Sur les 8 ans entre la signature des accords d'Oslo et le déclenchement de la seconde intifada, la population des colons est passée de 280 000 à 390 000 avec une augmentation principalement en Cisjordanie où elle s'accroit de 70 % (+ 80 000)[52].
Situation des Palestiniens dans la Bande de Gaza
La Bande de Gaza fait 45 km de long et 12,5 km dans sa partie la plus large (au sud-ouest) et 5,5 km dans sa partie la plus étroite (au centre). Environ 50 % de la zone est désertique, 20 % sont affectés aux colonies et 15-20 % voués à la sécurité et à des installations ou des camps militaires[70].
Au moment du déclenchement de la seconde intifada, 125 km2 sur les 360 sont sous contrôle israélien. La zone compte 13 villes, 8 camps de réfugiés et 21 colonies[70]. La population totalise 1 500 000 personnes dont 1 070 000 de réfugiés (~ 71,5 %) et 8 000 colons israéliens (~ 0,5 %). L'armée israélienne y stationne également une brigade[70]. La densité de population est en moyenne de 4 167 personnes au km² et de 74 706 dans les camps de réfugiés. Elle est de 110 personnes au km² dans les colonies[70].
La Bande de Gaza connaît également un grave problème d'approvisionnement en eau : 96 % de la nappe aquifère a été vidée de ses réserves ; elle est également polluée et son taux de salinité est élevé.

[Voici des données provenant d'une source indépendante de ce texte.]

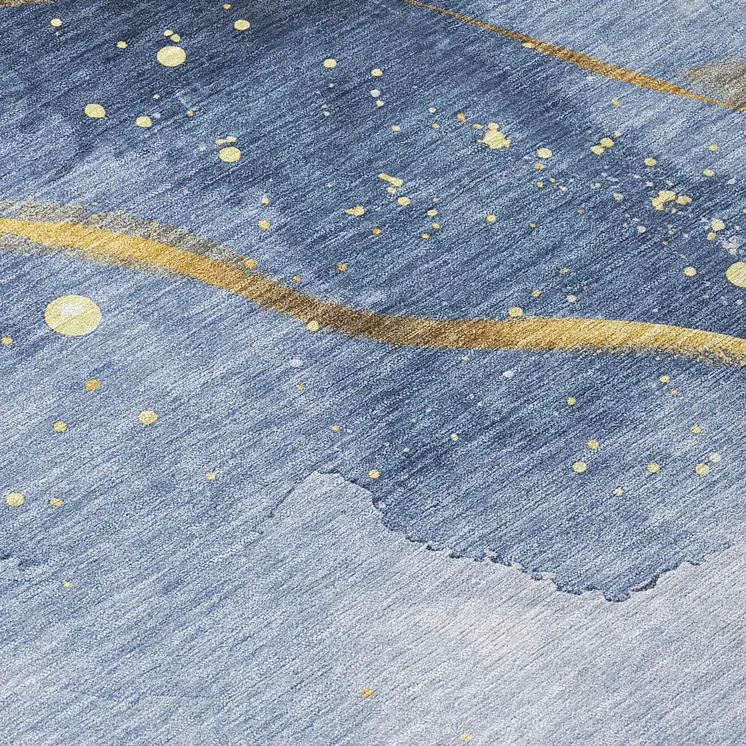 5' X 8' Blue And Gold Abstract Washable Indoor Outdoor Area Rug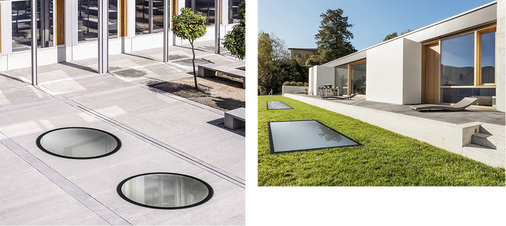 



Die begehbaren, barriefreien Oberlichter sind in unterschiedlichen Formen erhältlich, inklusive Brandschutz-Varianten.
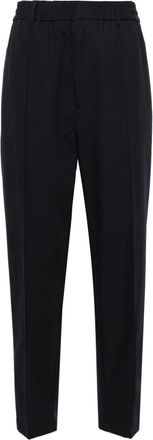 Emporio Armani elasticated-waist tapered-leg trousers - men - Polyamide/Elastane/Polyester/Cotton - 52 - Blue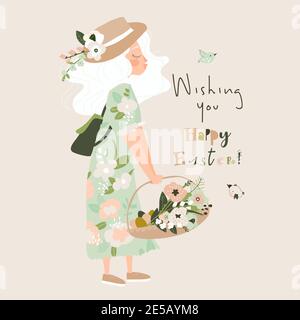 Cartoon beautiful girl holding basket with easter eggs and flowers Stock Vector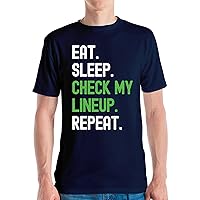 Funny Fantasy Football Eat Sleep Check My Lineup Repeat Season Novelty Dad Gameday T-Shirt for Men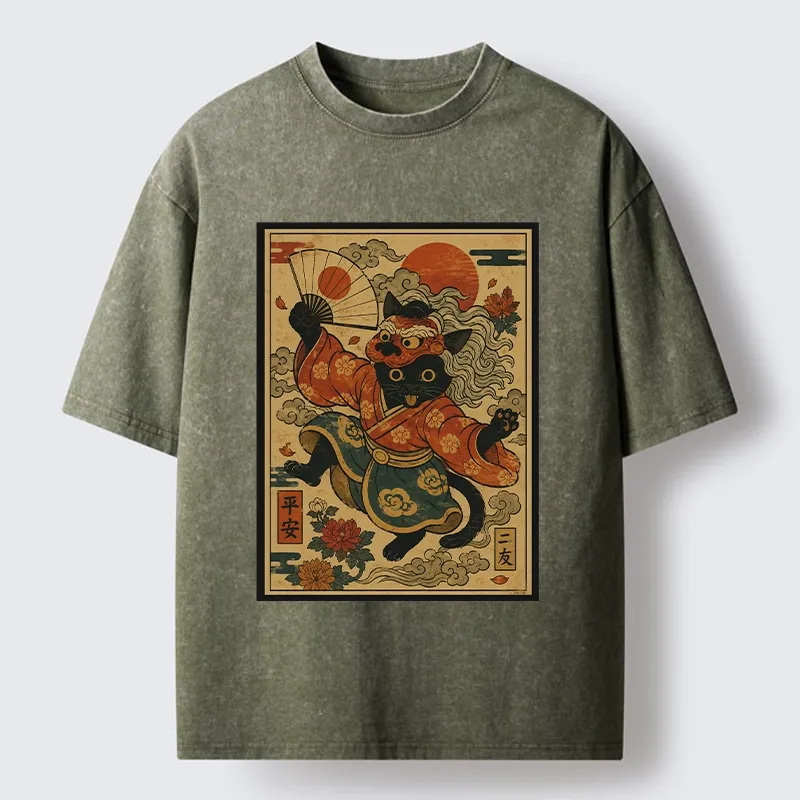 Tokyo-Tiger Kimono Cat Fan Peony Lucky Peace Print Washed T-Shirt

La consommation en eau des colons s'élève à 584 litres par personne et par jour, soit 7 fois plus que la moyenne de la population palestinienne de Gaza (~ 80 litres par jour) tandis que l'Organisation mondiale de la santé préconise une disponibilité de 100 litres par jour et par personne pour répondre aux besoins de base[71].